Why the 2022-23 Bruins are so dominant
Here is where the Bruins rank in several key categories league wide:
GF/GP: T1 (3.81)
GA/GP: 1 (2.02)
PP%: 2 (27.2)
PK%: 1 (86.8)
When it comes to what makes this Bruins team special, some factors are familiar. David Pastrnak ranks far ahead of other Bruins in scoring — second overall in goals (40) and third overall in points (69) — but Boston is enjoying tremendous two-way play from the usual suspects, including Brad Marchand (45 points), returning familiar face David Krejci (39) and Patrice Bergeron (38). In recent years, opponents have learned to fear Boston’s potent power play and that’s carried over to this season, while their penalty kill is as good as ever.
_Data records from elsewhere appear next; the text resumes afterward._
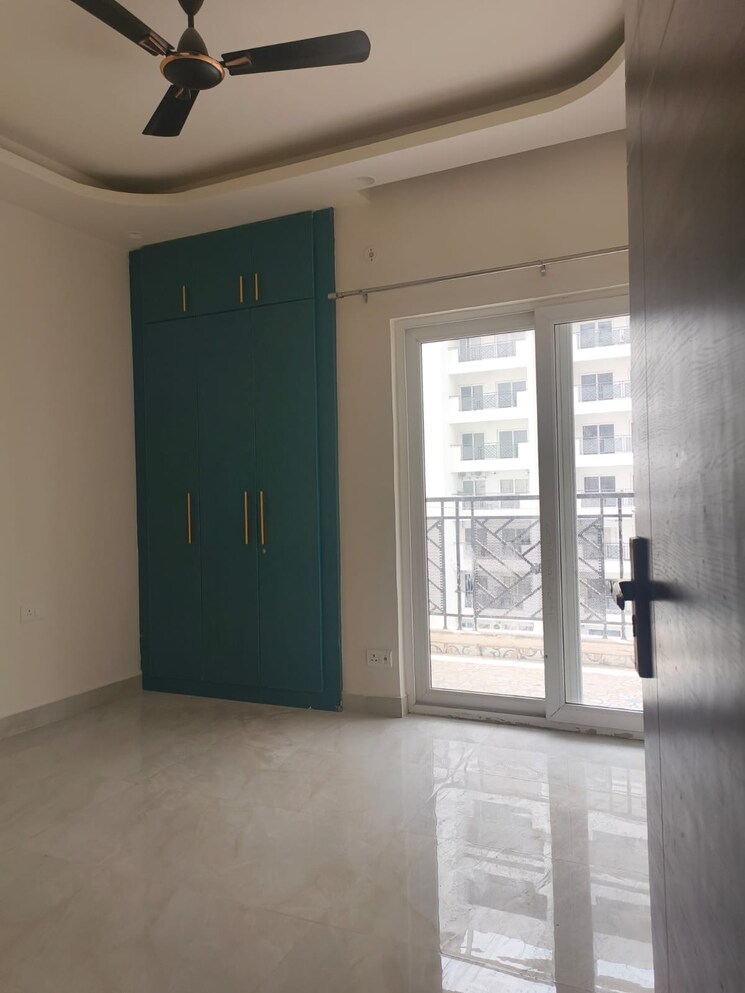 Room, central-park-flower-valley-aqua-front-towers 3 Bedroom 1789 Sq.Ft. Apartment In Sohna Sector 33 Gurgaon 8684738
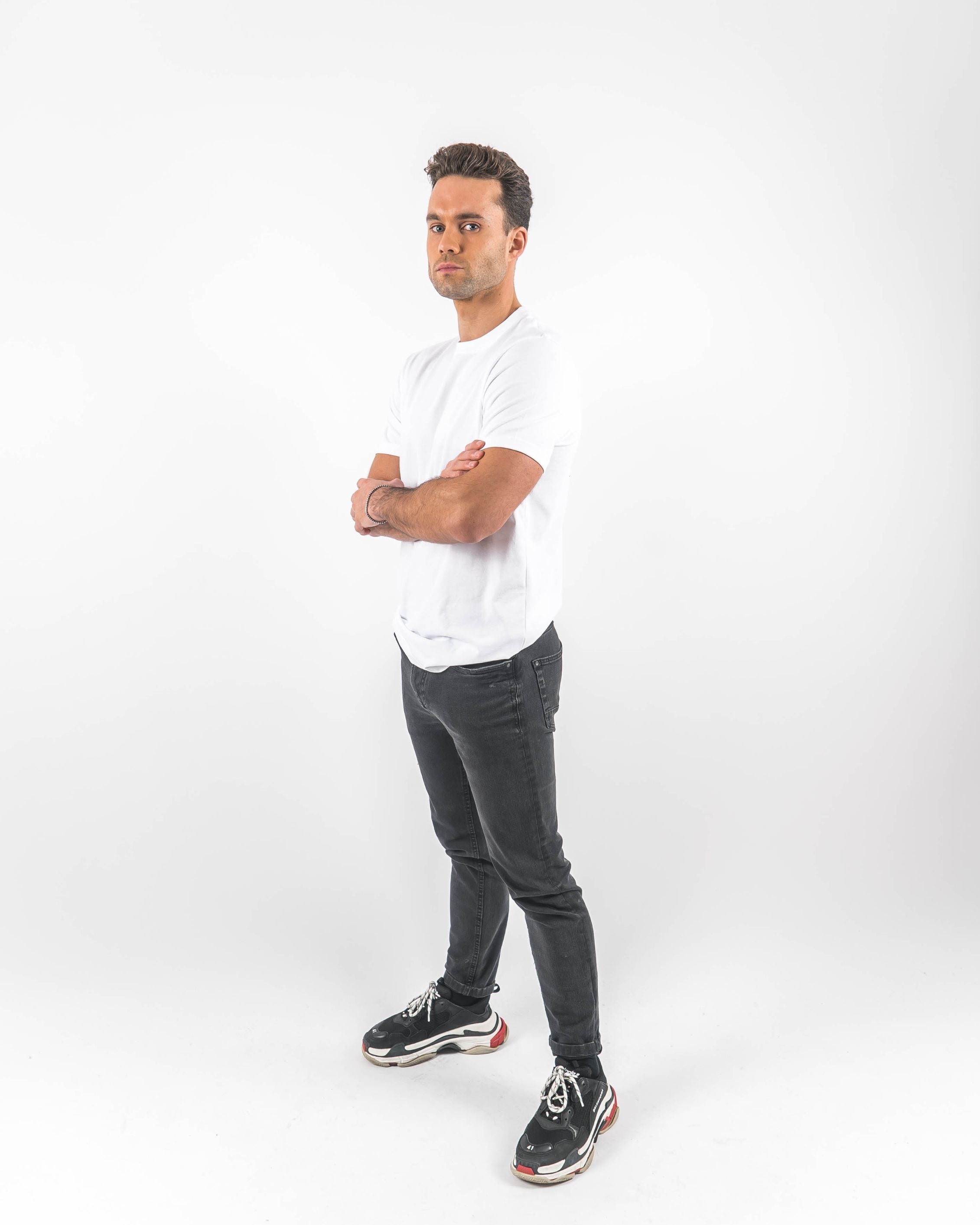 T-shirt Branca Básica - T-shirt Regular Básica - Roupas Online - DICCI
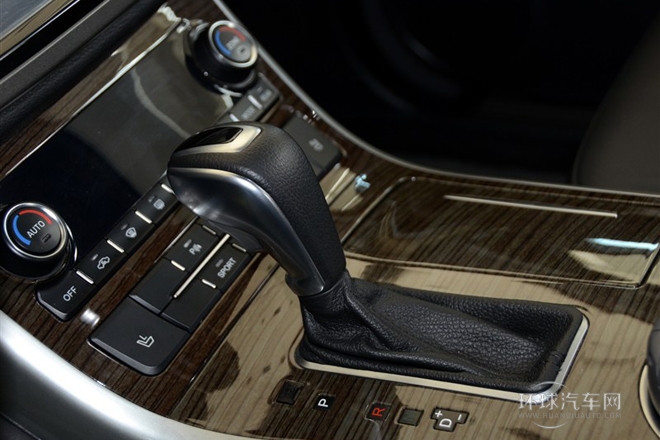 2014款 2.0T 兩驅標準型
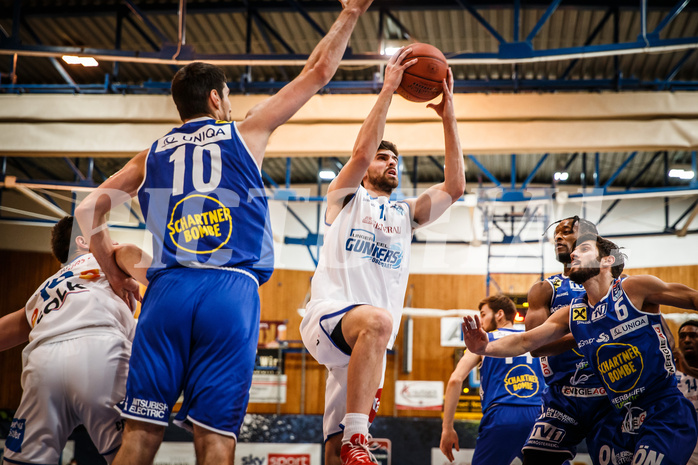 Basketball, bet-at-home Basketball Superliga 2021/22, Grunddurchgang Runde 8, Oberwart Gunners, Gmunden Swans, Ioannis Chatzinikolas (11)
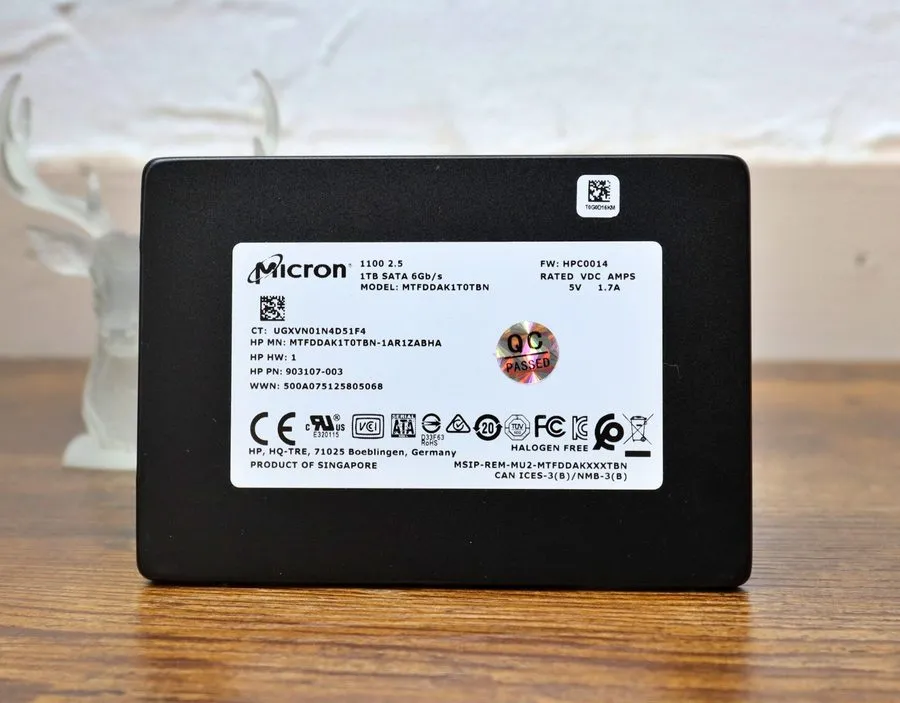 SSD-накопитель Micron 1100 MTFDDAK1T0TBN 1TB Internal SSD 2.5" SATA III 6Gbps TH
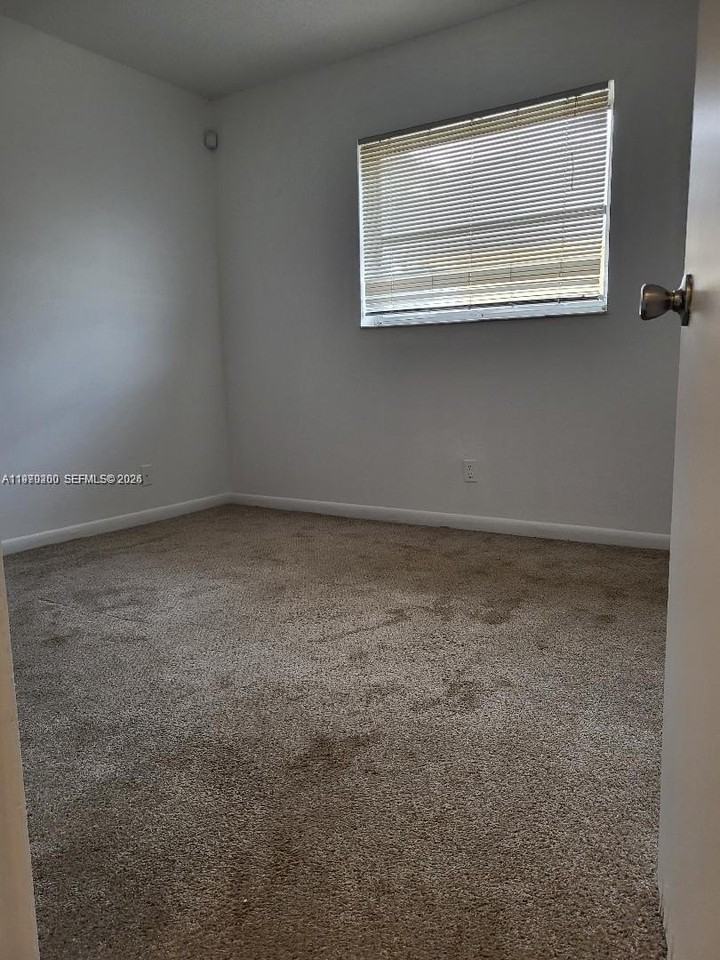 5156 Ne 6th Ave #219 - Photo 6 of 10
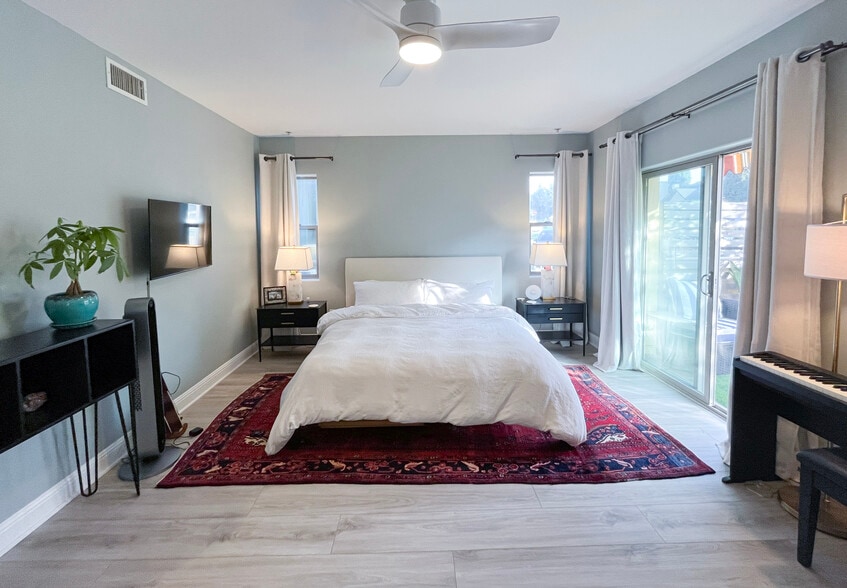 California King bed. All furniture and decor included - 5037 Rosewood Ave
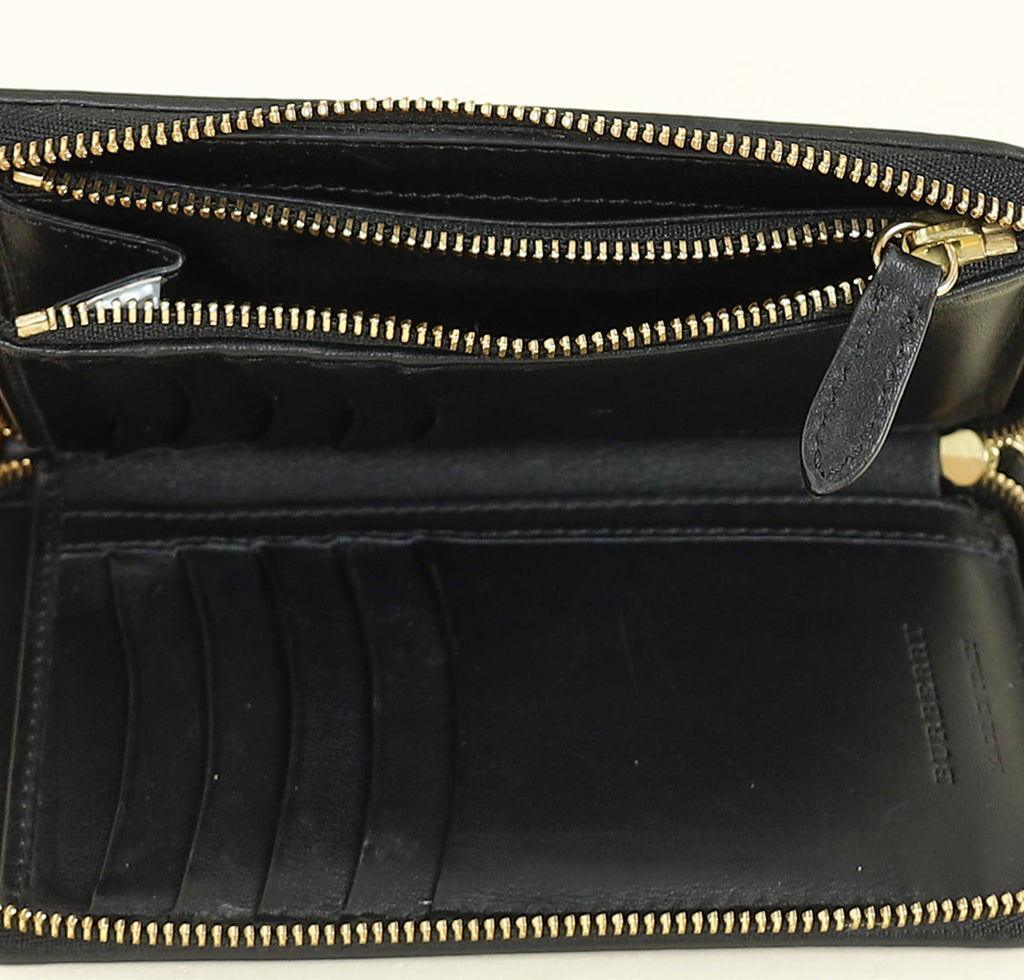 Burberry Bicolor Elmore Zip Around Wallet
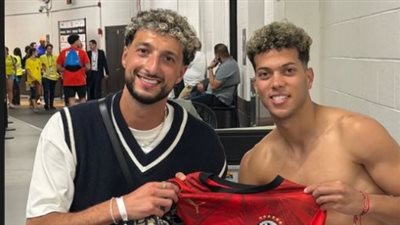 إمام عاشور يهدي وسام أبو علي مهاجم الأهلي السابق قميص منتخب مصر بعد ودية البرازيل
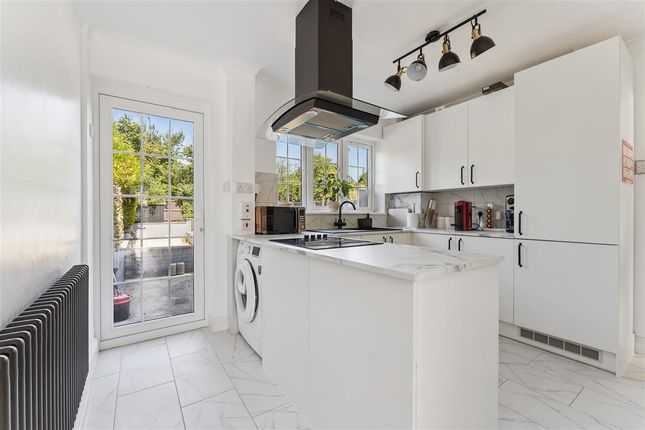 Savay Close, Denham, Denham 3 bed terraced house for sale
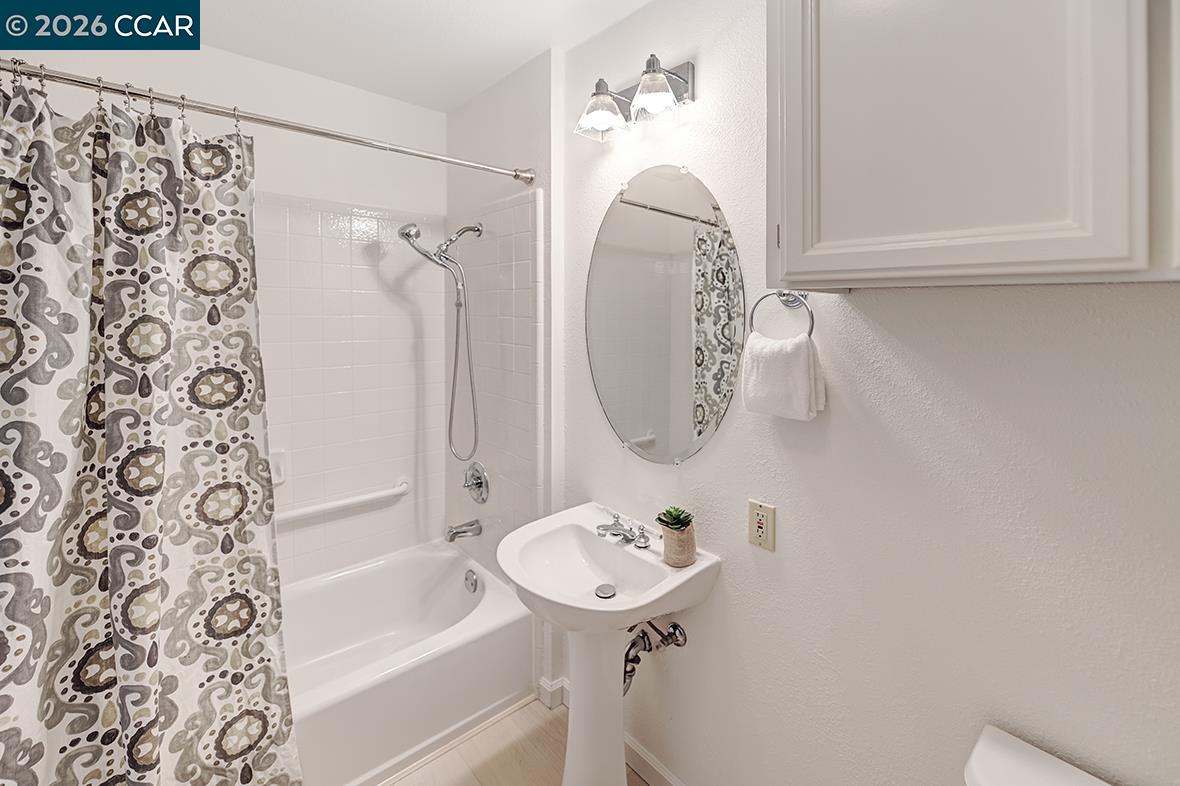 Photo #21: 41135617 Listing: Photo #21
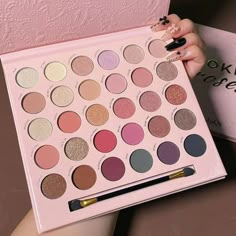 Hello Kitty Eyeshadow Palette, Cute Makeup Pallets, Pink Makeup Palette, Pearlescent Eyeshadow, Rich Makeup, Eyeshadow Aesthetic, Makeup Routine Guide, Korean Eyeshadow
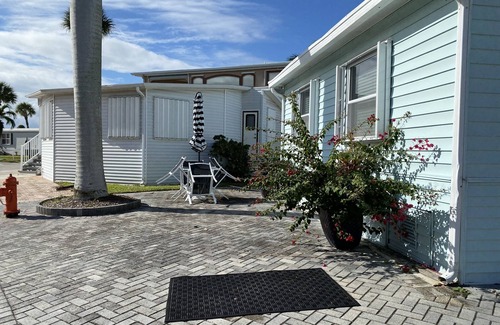 Hutchinson Island South Cottage | Cozy beach cottage.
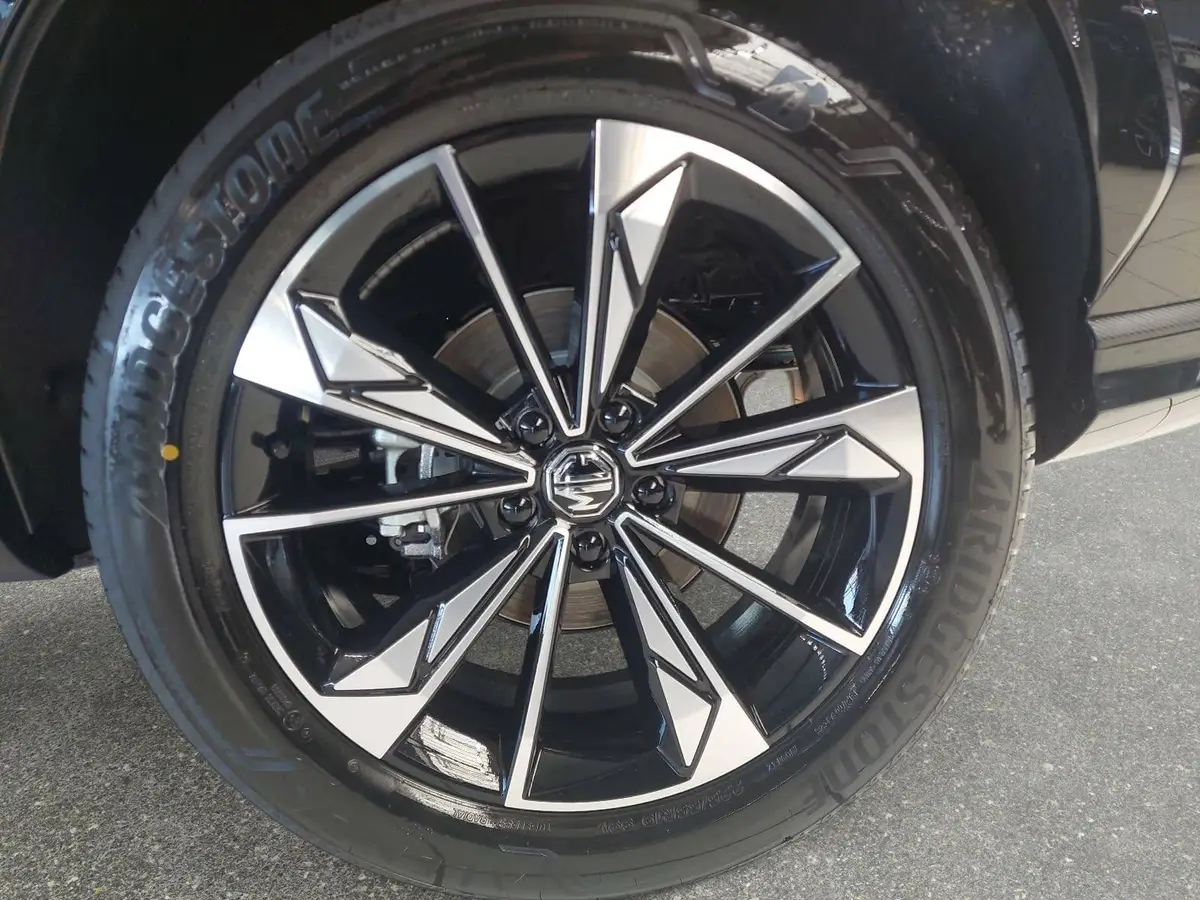 MG HS 1.5 HYBRID+ MY25.5 LUXURY LEDER 360-GRAD-KAMERA 19-ZOLL-LM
That said, there are certainly some key differences that set this team apart. A few highlights include:
A coaching change, and maybe an upgrade?: You can debate the upgrade part (Bruce Cassidy’s enjoying mostly promising success in Vegas), but Jim Montgomery’s a worthy Jack Adams candidate either way.
A shocking ascension in net: Linus Ullmark developed a solid reputation with Buffalo, but one season in, the Bruins might have questioned their four-year, $20-million investment in the goalie. Now he looks like a potential steal. Ullmark currently leads the NHL in wins (25) while generating the best save percentage among workhorse goalies (.938). Spit out a “fancy stat,” and Ullmark likely shines. This Hockey Viz chart provides a graphical look at how fantastic Boston’s goaltending has been.
Again, it’s nice to get a strong center back, and Krejci’s delivered despite a year out of the NHL.
Hockey fans are used to good Bruins teams — often quite good ones — but this one’s deeper than ever, with a league-best eight players with 10-plus goals. As painful as it is to be a party pooper, there are a few reasons keepers of the cup shouldn’t chisel the Bruins’ name on the Stanley Cup just yet.
Possible bumps in the road
First, it’s important to at least take a moment to remember that as promising as the tandem of Ullmark and Jeremy Swayman is, it’s an unproven duo in the postseason. Sometimes that surprise Cinderella run goes pumpkin under the harsh lights of the playoffs. There are also certain indicators that a team might slow down. Beyond possibly unsustainable save percentages, the Bruins’ team shooting percentage may also be cool.
The biggest bumps in the road aren’t about the Bruins, however, but instead about the path ahead. Thanks to the NHL’s current playoff format, Boston’s second-round opponent would either be a team tied for second in the NHL in points (Toronto Maple Leafs at 66) or a team that’s been to three straight Stanley Cup Final series, winning two (Tampa Bay Lightning, 61 points).
Of course, the Lightning can spin some sad yarns about how a historically great regular-season team may not even make it that far. In 2018-19, the Lightning generated the fourth most standing points (128) and fifth-highest points percentage (.781) in NHL history. Then they failed to win a single playoff game.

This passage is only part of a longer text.